The "Sehatkan Jantung Anak Indonesia" (Healthy Hearts for Indonesian Children) initiative, which includes educational content on platforms like YouTube, serves as a resource for both parents and medical professionals. By providing clear, accessible information on how to conduct screenings and what symptoms to watch for, these digital tools aim to bridge the information gap in remote areas.
The broader implication of failing to address CHD is not just the loss of young lives, but also the long-term economic and social cost. Children with untreated heart defects often face chronic health issues, reduced quality of life, and increased healthcare costs for their families and the state. Conversely, early intervention—whether through medication, catheter-based procedures, or open-heart surgery—can often lead to a full and productive life.

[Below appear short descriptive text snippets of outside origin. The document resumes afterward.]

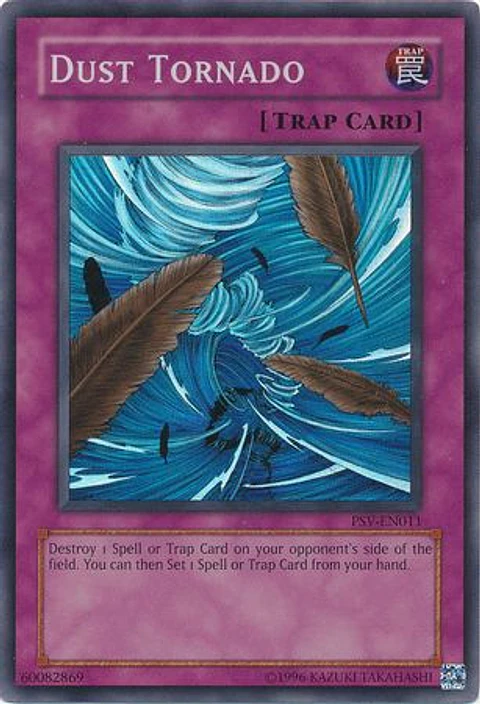 Dust Tornado - PSV-011 - Super Rare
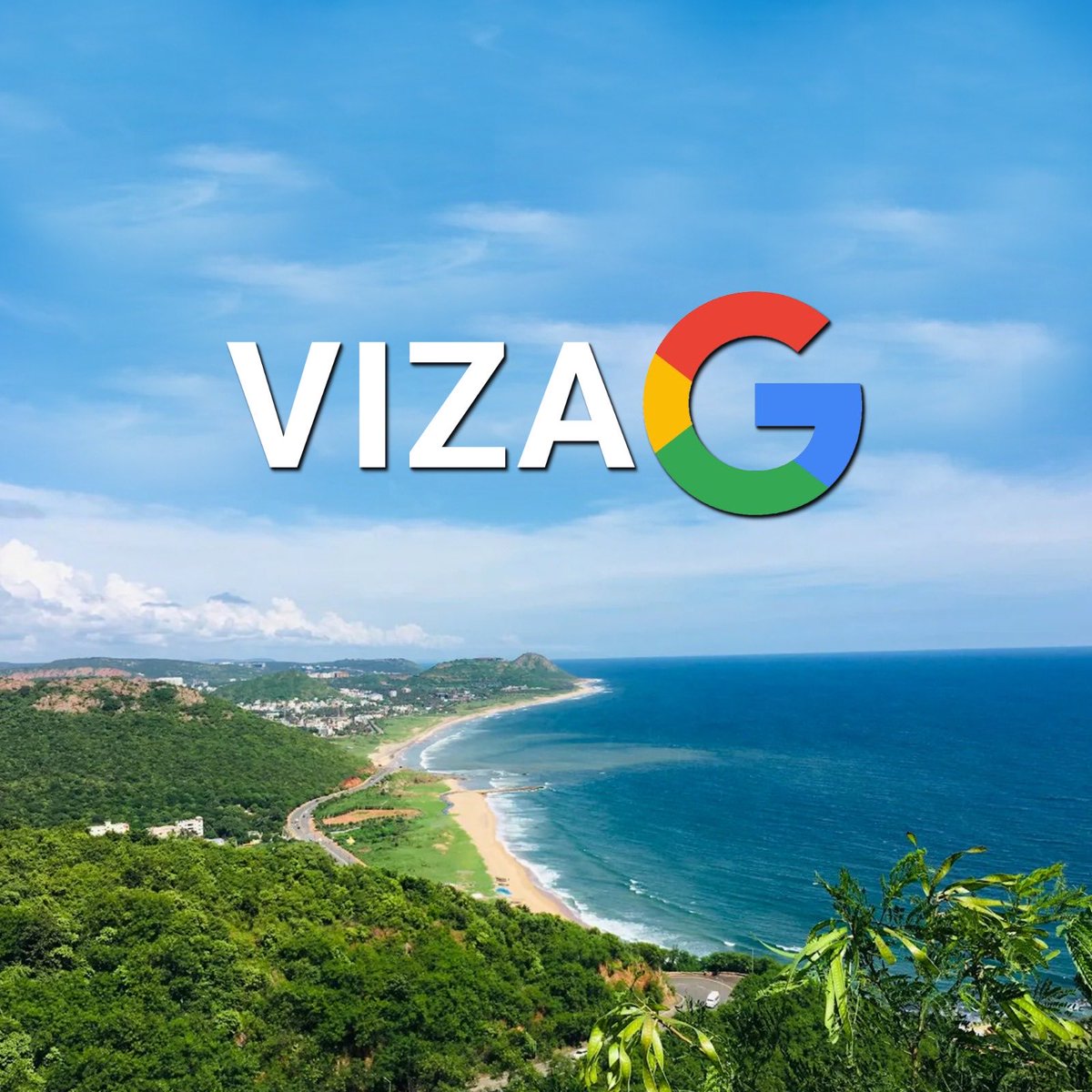 Shiva4TDP's tweet photo. The G in #Vizag now stands for @Google!

- @ncbn 

🔥🔥🔥🔥🔥🔥🔥🔥🔥🔥

#GoogleComesToAP https://t.co/RC5XU8dtJl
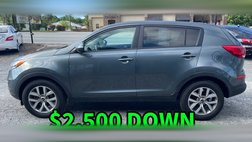 2015 Kia Sportage LX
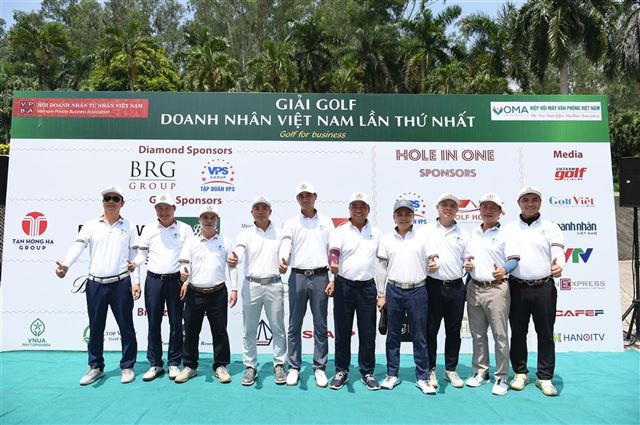 GIẢI GOLF DOANH NHÂN VIỆT NAM NĂM 2022 Golf for business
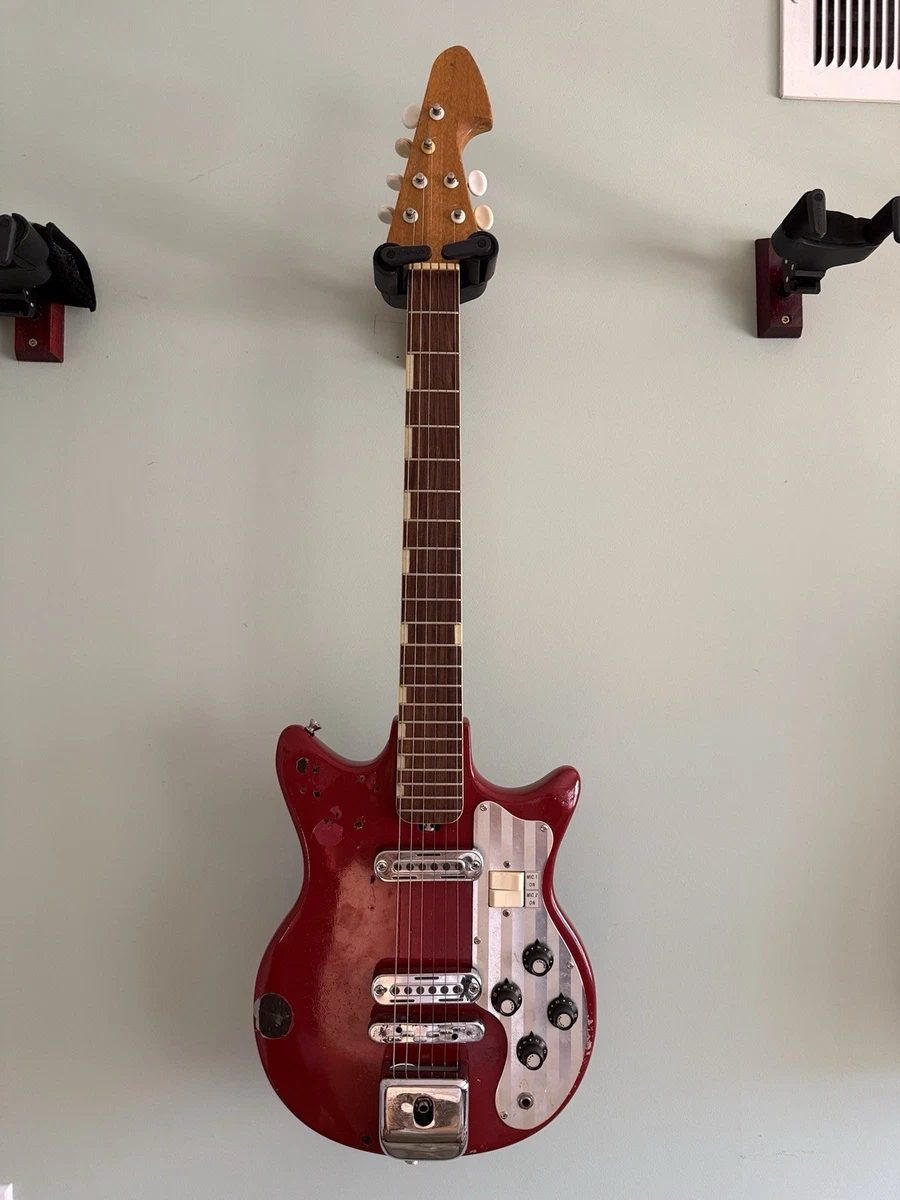 Silvertone Vintage Electric Guitars for sale | eBay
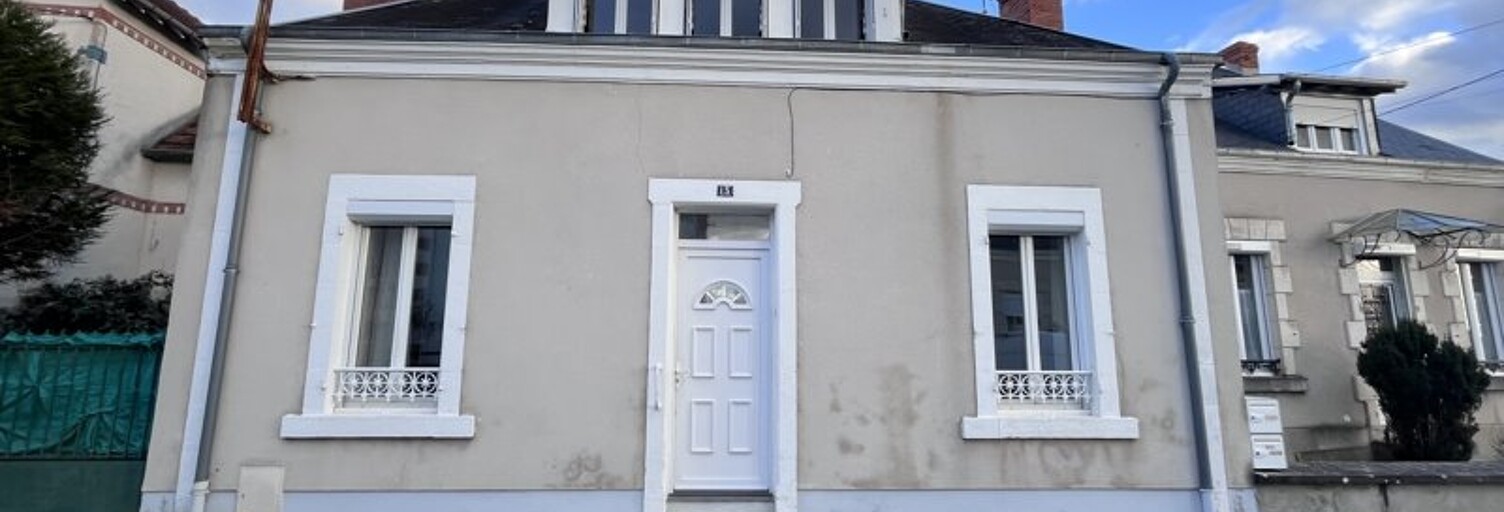 Maison 4 Pièces 91 m² à vendre à Vierzon (18100)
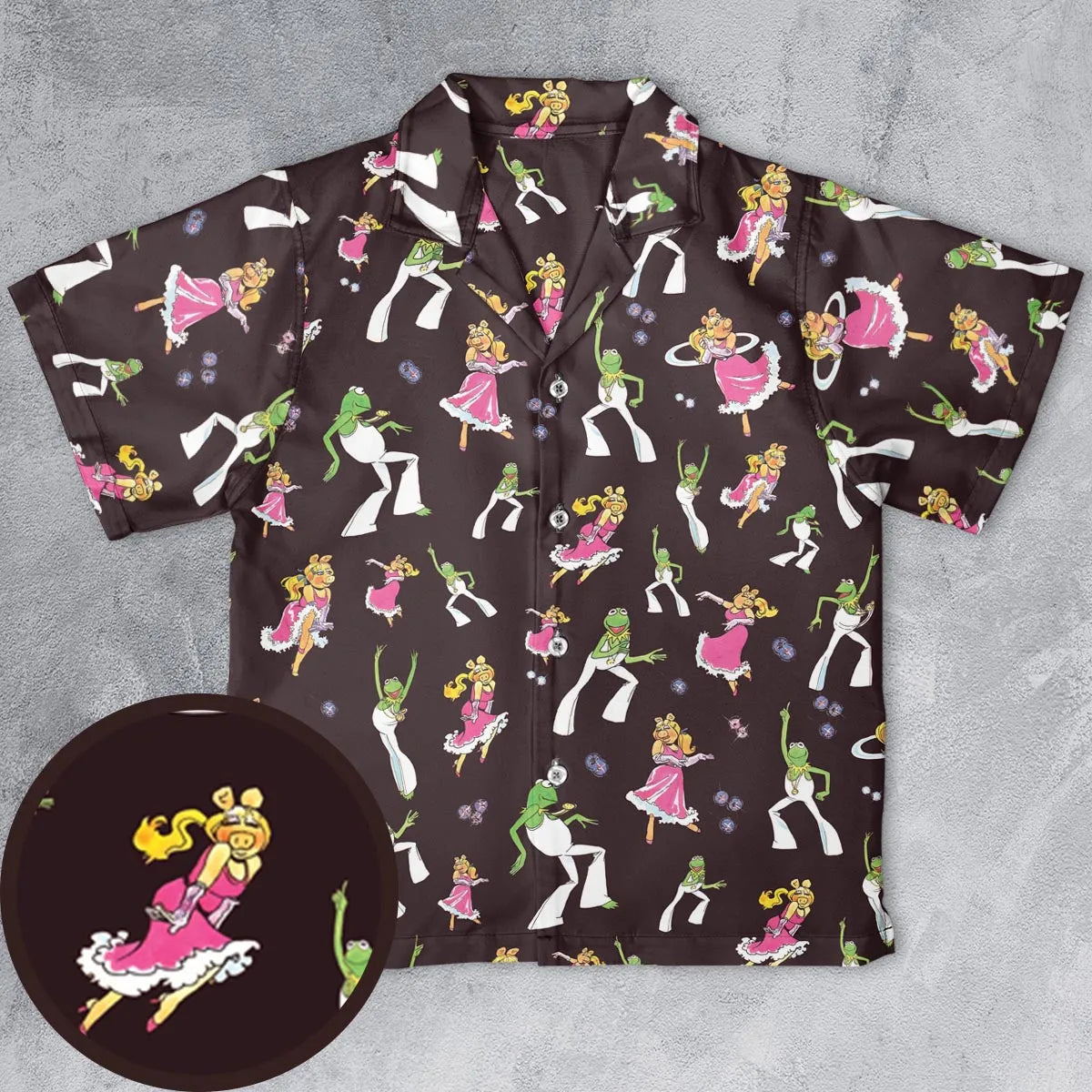 Youth Hawaiian Shirt - QAQUF5Y2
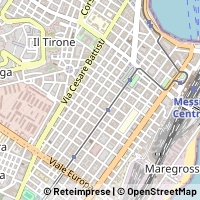 Map Messina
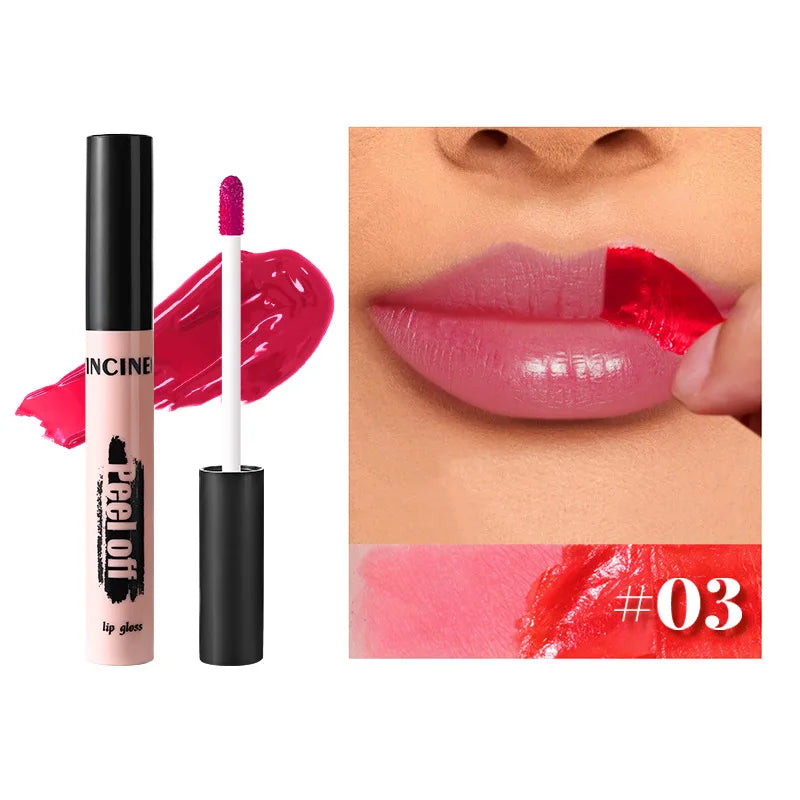 Peel Off Matte Lip Tint – Waterproof Long-Lasting Lip Stain Peel Off Lip Tint PRIMED 03 2ML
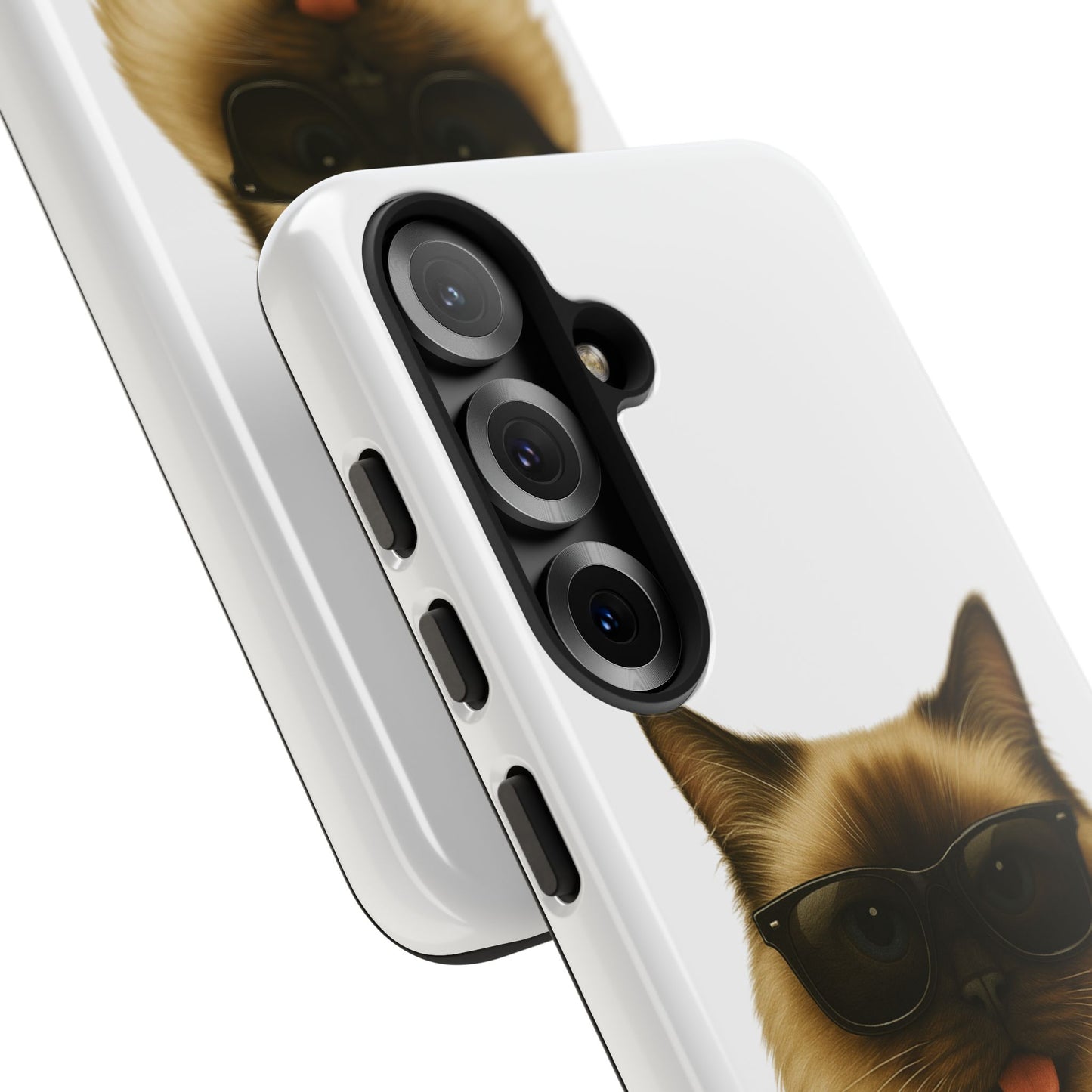 Ragdoll Cat Wearing Sunglasses - Tough Phone Case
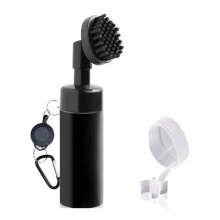 Club Brush Water Brush  Club Cleaning Kit Squeeze Bottle for Easy Cleaning  Black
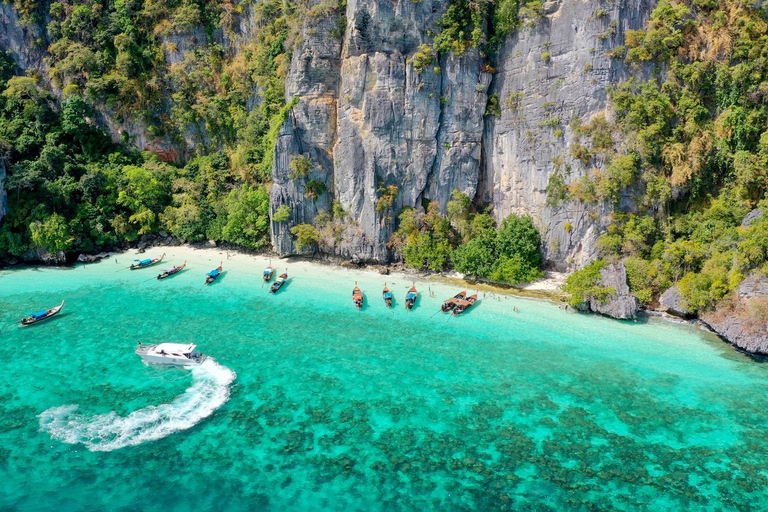 Phuket: Phi Phi Bamboo Islands Full Day Premium
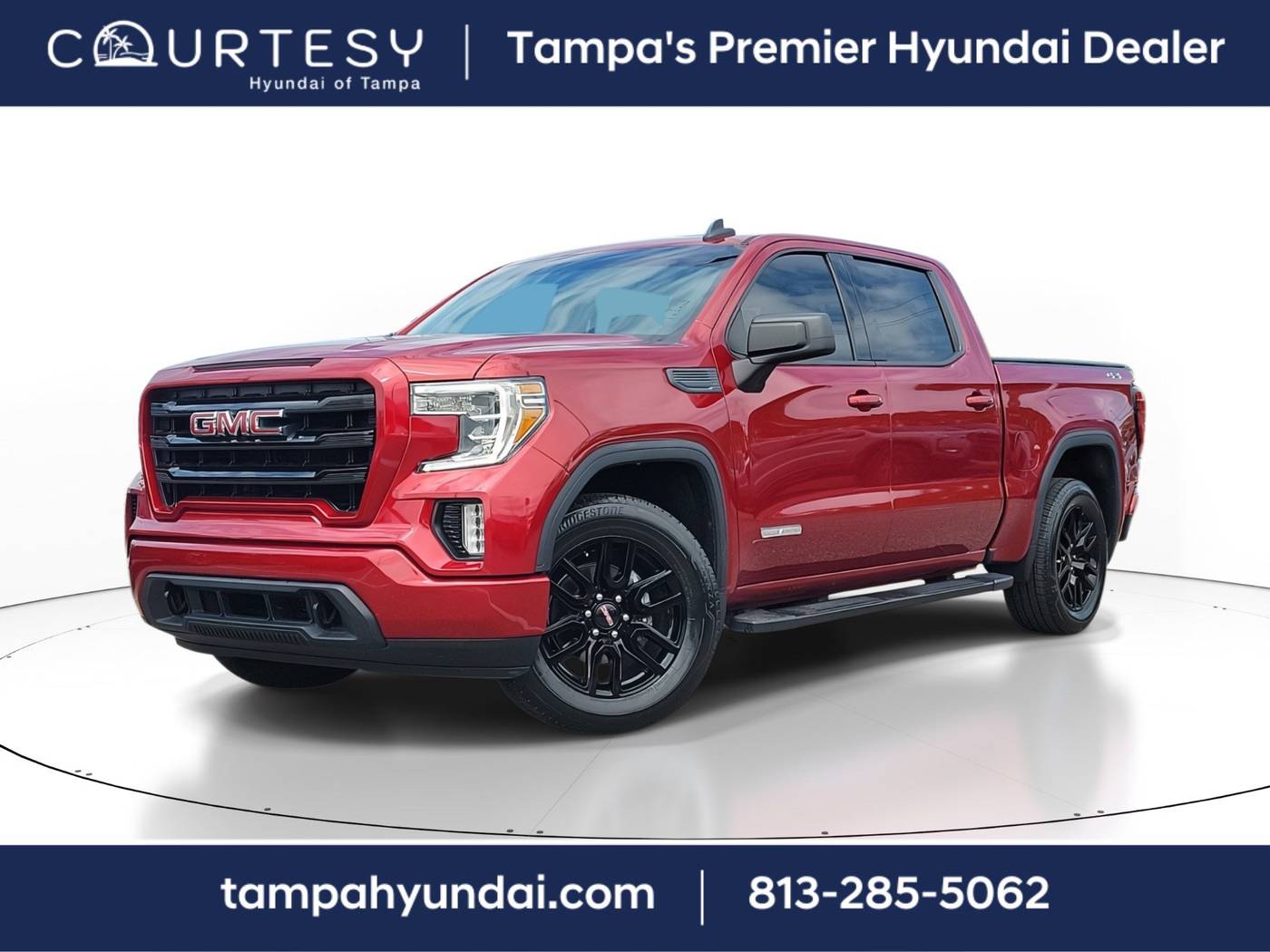 2022 GMC Sierra 1500 Limited Elevation — Pickup Truck — 31,650 mi — Tampa, FL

A Call for Systemic Reform and National Awareness
The challenge of Congenital Heart Disease in Indonesia requires a coordinated response from the government, the medical community, and the public. From a policy perspective, there must be a continued effort to decentralize specialized cardiac care and provide better incentives for medical specialists to work in underserved regions. Strengthening the National Health Insurance (JKN) scheme to cover the high costs of cardiac interventions is also essential to ensure that life-saving treatment is not a privilege of the wealthy.
Furthermore, public health campaigns must continue to emphasize the importance of the "Golden Period"—the window of time where medical intervention is most effective. Preventing CHD starts with maternal health, but saving a child born with the condition starts with a prompt diagnosis. As Dr. Rizky concluded, while prevention during pregnancy is the ideal, once a child is born with a heart defect, the focus must shift entirely to rapid detection and treatment.
By integrating simple screening methods like pulse oximetry into standard newborn care protocols across all Indonesian provinces, the healthcare system can begin to close the gap between the number of cases and the number of survivors. The goal is a future where no child’s life is cut short by a treatable heart condition simply because of where they were born or a lack of awareness regarding their symptoms. The ongoing efforts of the IDAI and other health organizations represent a critical step toward achieving that vision, but the road ahead remains long and requires sustained national commitment.